Below are records; extract exactly the lines from the one with "Man showing pattern, operator" through the final line, including both, but drop the pictures.
---------- Data to use
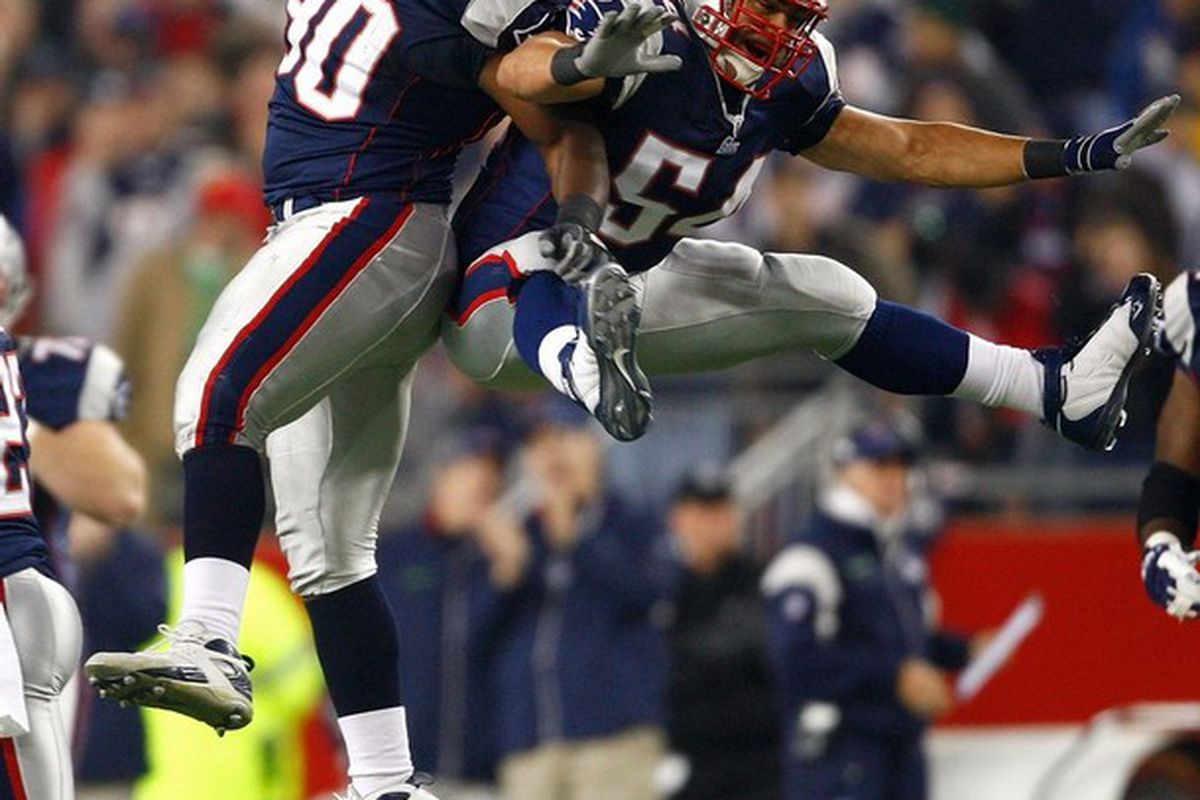 <em>Le Kevin Smith and Tedy Bruschi celebrate a fumble recovery against the Denver Broncos at Gillette Stadium last season.</em>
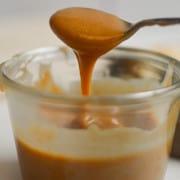 Taking a spoonful of vegan caramel from a jar.
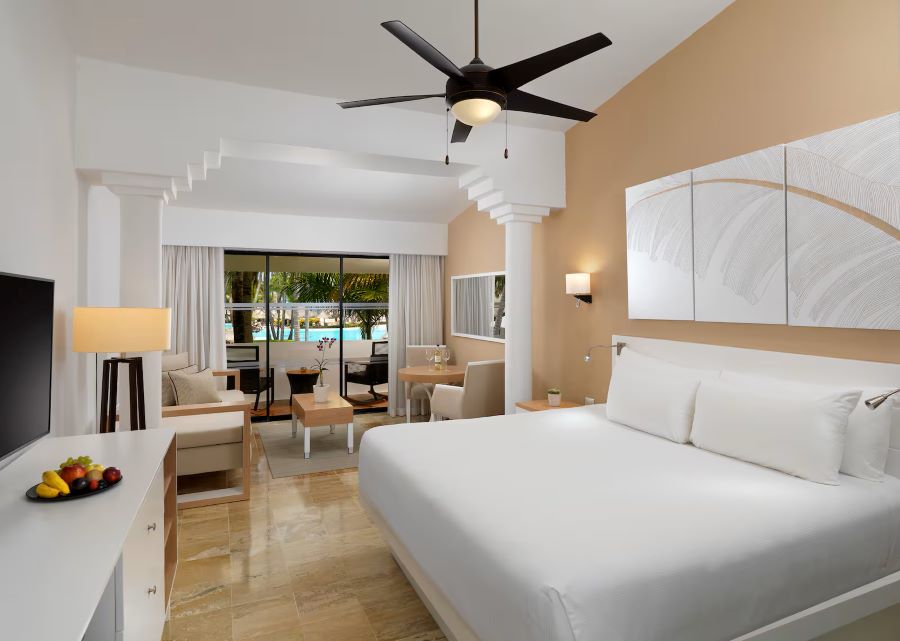 Bedroom with fan and balcony view at Melia Punta Cana Beach Resort in Dominican Republic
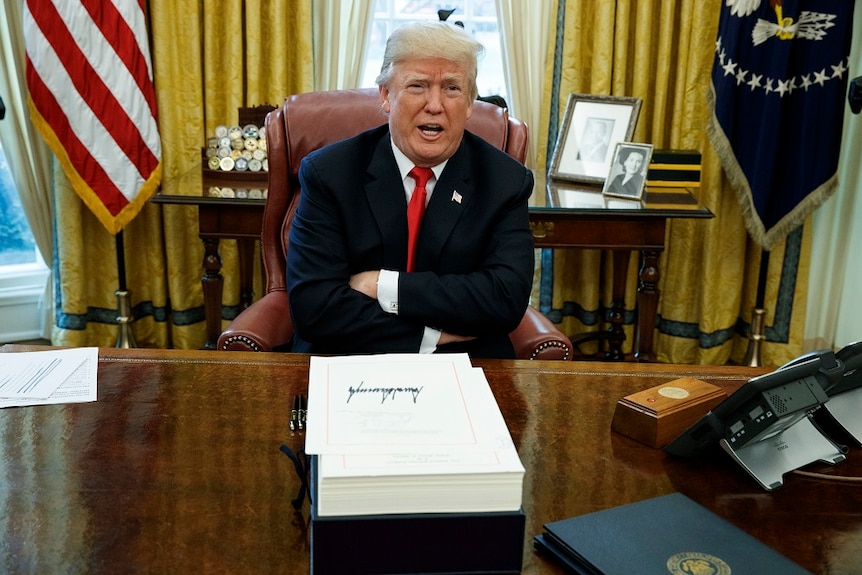 Donald Trump sits at his desk in the Oval Office with his arms crossed.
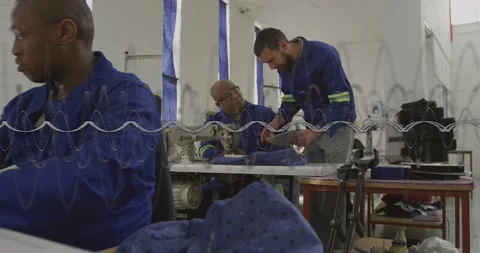 Man showing pattern, operator adjusting fabric for fit in garment shop, animated 스톡 동영상 330547031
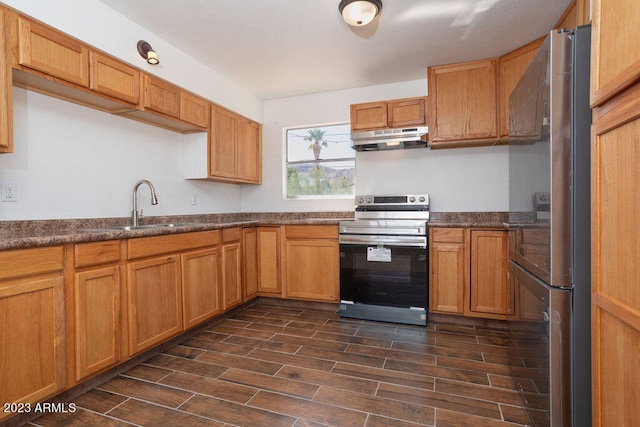 kitchen with sink, dark stone counters, stainless steel refrigerator, and electric range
--------------------
**Solved problem:**
 Man showing pattern, operator adjusting fabric for fit in garment shop, animated 스톡 동영상 330547031
 kitchen with sink, dark stone counters, stainless steel refrigerator, and electric range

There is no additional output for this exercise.